DBRS Releases Appendix (Reverse Mortgages) to Rating Canadian Structured Finance Transactions
OtherDBRS Limited (DBRS) has today released an appendix (the Methodology) to its methodology Rating Canadian Structured Finance Transactions, applying to transactions backed by reverse mortgages. The Methodology is a condensed and revised version of the previous methodology “Rating Reverse Mortgage Transactions in Canada,” archived in March 2012.
A reverse mortgage is a non-recourse loan offered to elderly individuals or couples, secured by a first-ranking security interest in their residential property. Unlike traditional mortgages, no interest or principal payments are required for reverse mortgages during the borrower’s occupancy, while interest continues to accrue on the loan balance. At the termination of the occupancy, the property is sold and the proceeds are used to repay the loan balance, including accrued interest.

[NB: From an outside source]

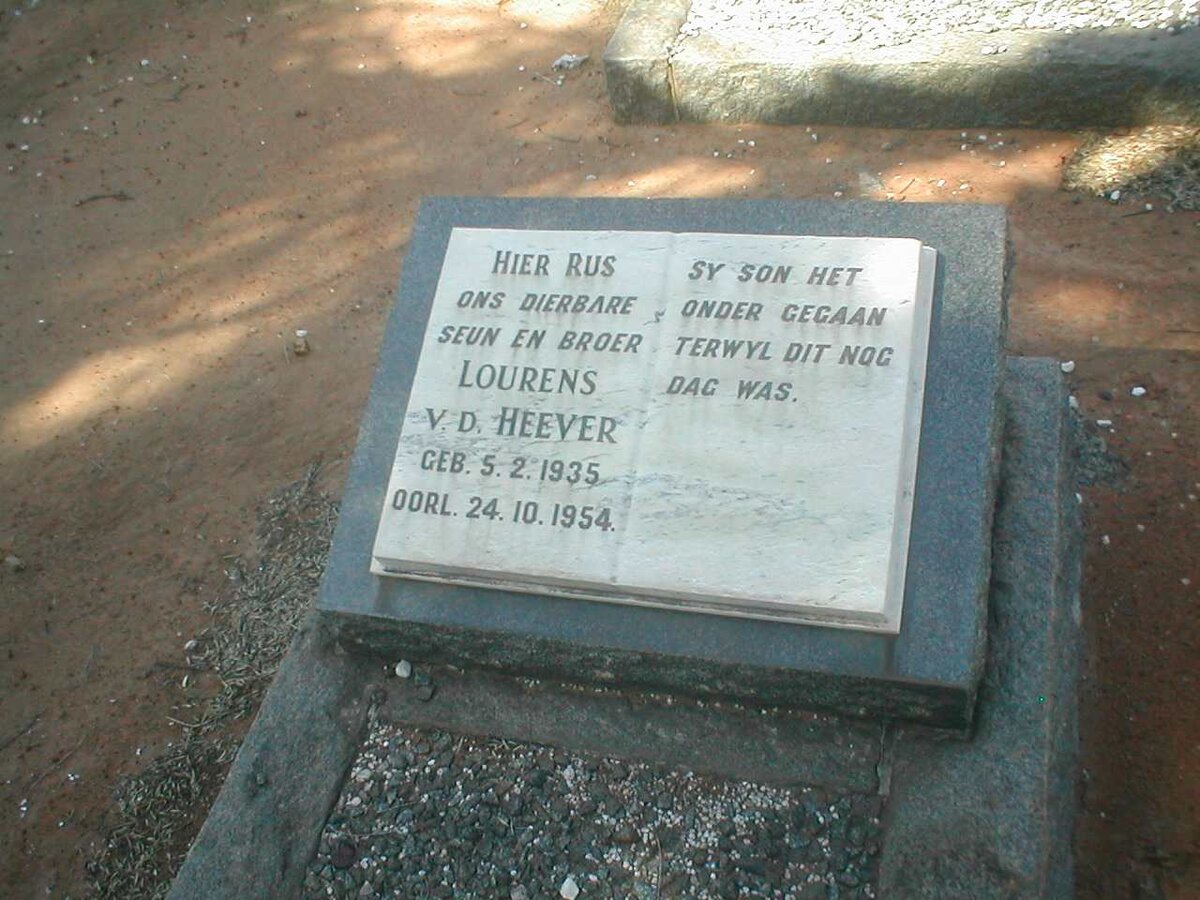 HEEVER Lourens, v.d. 1935-1954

The Methodology provides a review of the key credit factors of reverse mortgages, including expected occupancy term, property value, house price appreciation and mortgage/interest rates. Stress testing assumptions used by DBRS are also discussed in the Methodology. The stresses applied to market value decline (MVD) and interest rates are consistent with those applied to Canadian RMBS transactions. Along with the Methodology, DBRS developed a proprietary loan-level cash flow model to incorporate different MVD, interest rate and prepayment assumptions commensurate with the desired rating of the notes.
There is only one issuer of this asset class in Canada, and the related ratings were last confirmed on February 5, 2013. DBRS notes that the application of the Methodology and cash flow model has no impact on the ratings.
DBRS’s criteria and methodologies are publicly available on its website, www.dbrs.com, under Methodologies.